Exercise requirements:
In the entries below, find the line with "CHARGEUR KAKU KSC-793++" and the line with "ONESIAM Experience ผนึกกำลังเนรมิตไอคอนิกอีเวนต์". Reproduce those two lines and every line between them exactly, and nothing more.

Given records:
<<<<
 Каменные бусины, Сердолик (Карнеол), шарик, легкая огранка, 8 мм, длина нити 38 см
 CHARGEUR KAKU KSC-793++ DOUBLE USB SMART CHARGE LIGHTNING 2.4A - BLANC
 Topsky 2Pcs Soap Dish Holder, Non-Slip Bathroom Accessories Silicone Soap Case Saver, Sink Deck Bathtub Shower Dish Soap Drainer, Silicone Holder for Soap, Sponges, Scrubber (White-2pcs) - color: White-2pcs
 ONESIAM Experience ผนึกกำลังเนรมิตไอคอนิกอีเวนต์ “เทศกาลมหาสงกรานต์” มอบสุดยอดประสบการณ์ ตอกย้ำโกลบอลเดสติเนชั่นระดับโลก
>>>>
<<<<
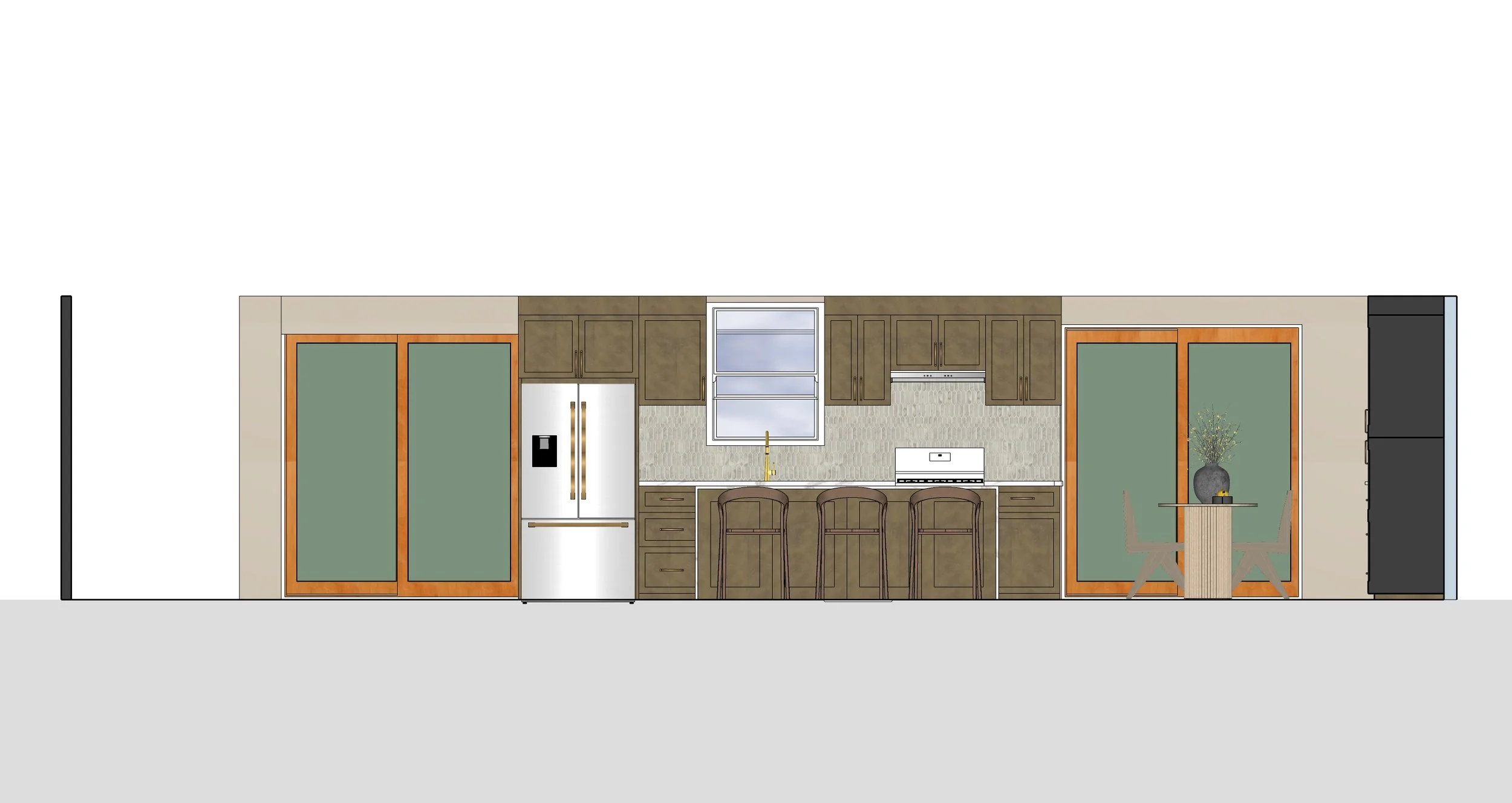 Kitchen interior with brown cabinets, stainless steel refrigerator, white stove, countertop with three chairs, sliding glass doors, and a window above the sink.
>>>>
Answer space:
 CHARGEUR KAKU KSC-793++ DOUBLE USB SMART CHARGE LIGHTNING 2.4A - BLANC
 Topsky 2Pcs Soap Dish Holder, Non-Slip Bathroom Accessories Silicone Soap Case Saver, Sink Deck Bathtub Shower Dish Soap Drainer, Silicone Holder for Soap, Sponges, Scrubber (White-2pcs) - color: White-2pcs
 ONESIAM Experience ผนึกกำลังเนรมิตไอคอนิกอีเวนต์ “เทศกาลมหาสงกรานต์” มอบสุดยอดประสบการณ์ ตอกย้ำโกลบอลเดสติเนชั่นระดับโลก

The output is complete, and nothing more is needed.